Las decisiones son el intento de encauzar
nuestra vida de un modo consciente, para no depender solo del azar o del
impulso de nuestras emociones.
Decidir es difícil.
La vida es muy corta y no podemos tomar más que un puñado de decisiones que marcarán nuestro destino. Llegamos con algún talento, pero es principalmente el azar el que lo determina.
En qué lugar y en qué época nacemos, en el seno
de qué familia o en qué momento de la vida de nuestros padres llegamos al mundo
condicionarán nuestra existencia, y sólo podremos adaptarnos a eso.
Todos estos hechos azarosos formarán nuestras
emociones, y las emociones se transformarán en ideas sobre cómo funciona el
mundo, y las ideas moverán a nuestras acciones, y aquellas acciones que
repitamos lo suficiente se transformarán en hábitos, los hábitos forman nuestro
carácter y nuestro carácter acaba por marcar el destino.
Para tomar decisiones conscientes es necesario
dominar este proceso. El carácter determina el estilo de toma de decisiones, si
somos analíticos o impulsivos, si decidimos y actuamos en consecuencia o
procrastinamos, si somos asertivos o inseguros, y tantas otras posibilidades de
interpretar lo que nos sucede.
Las decisiones se ponen de manifiesto en lo que
hacemos, no en lo que pensamos que vamos a hacer. Interpretar las decisiones
pasadas sin un espíritu crítico es una de las formas del engaño. La tendencia a
racionalizar para justificar es irrefrenable, por eso es mejor ser juzgado por
los demás, aunque no sea fácil someterse a esa prueba.

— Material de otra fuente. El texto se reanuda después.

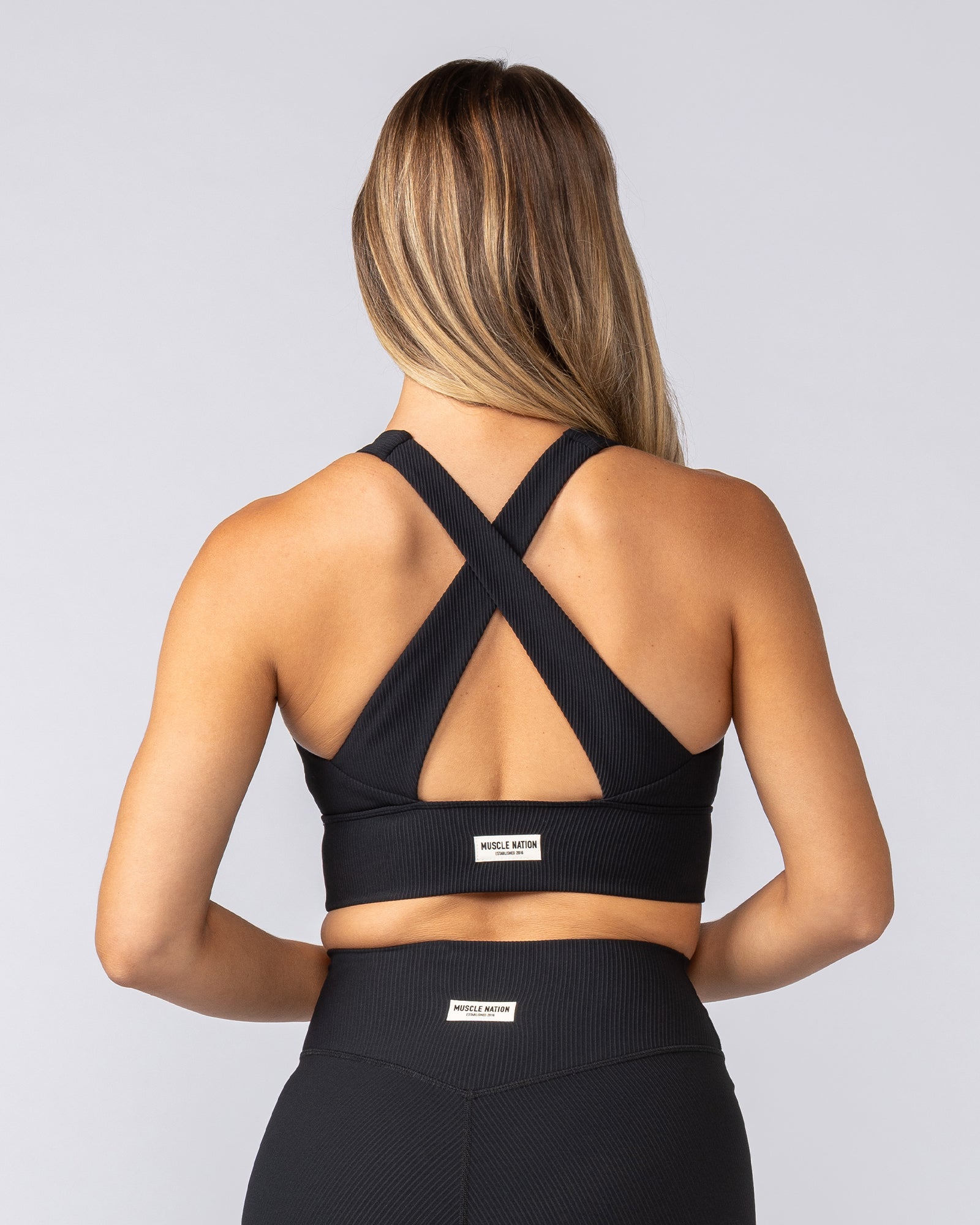 Muscle Nation Sports Bras Lover Longline Rib Bra - Black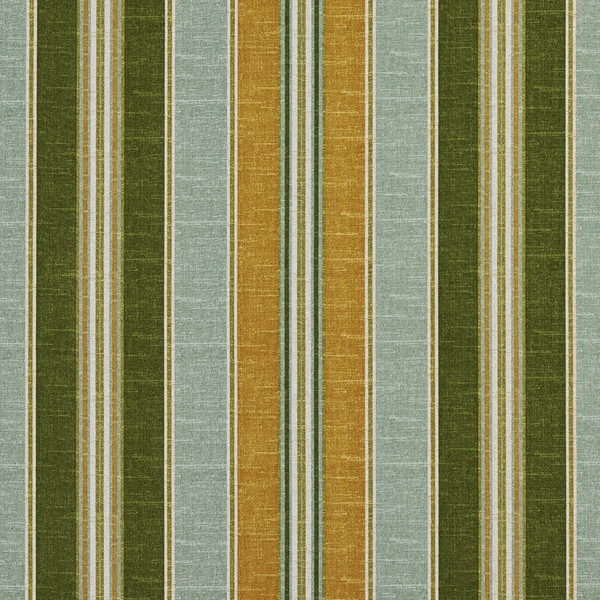 C428 Gold Blue Green Striped Outdoor Indoor Upholstery Fabric by the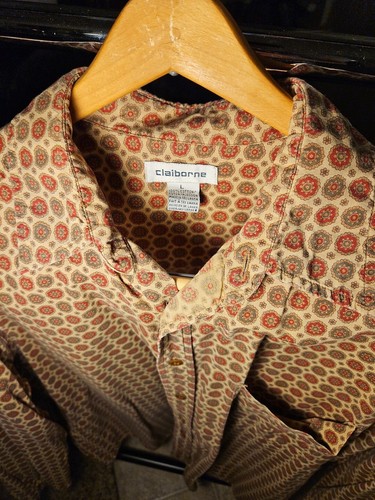PAIR OF VTG CLAIBORNE BUTTON UP SHIRTS. 80S-90S Rare Pattern Print. Large - Picture 6 of 16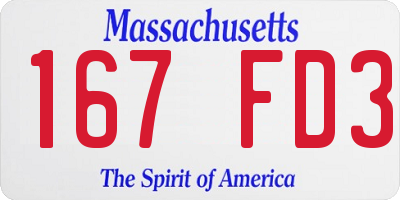 MA license plate 167FD3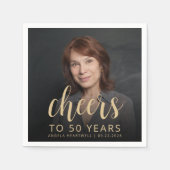 50th Birthday Partyフォト応援 スタンダードカクテルナプキン (正面)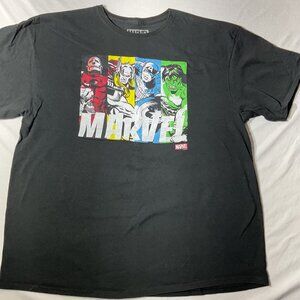 Marvel Avengers XXL Black T-Shirt With Iron Man Thor Captain America Hulk Graphi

Aún dominando el proceso, el azar influye mucho
más en nuestra vida de lo que nos gusta pensar. Ni todos los éxitos son
atribuibles a nuestros talentos ni todos los fracasos se deben a la mala
suerte. “El Diablo no caga siempre en el mismo sitio” dice un proverbio alemán.
Si culpas por tus errores a los demás o a la mala suerte es probable que te
estés equivocando más de lo que te gusta admitir.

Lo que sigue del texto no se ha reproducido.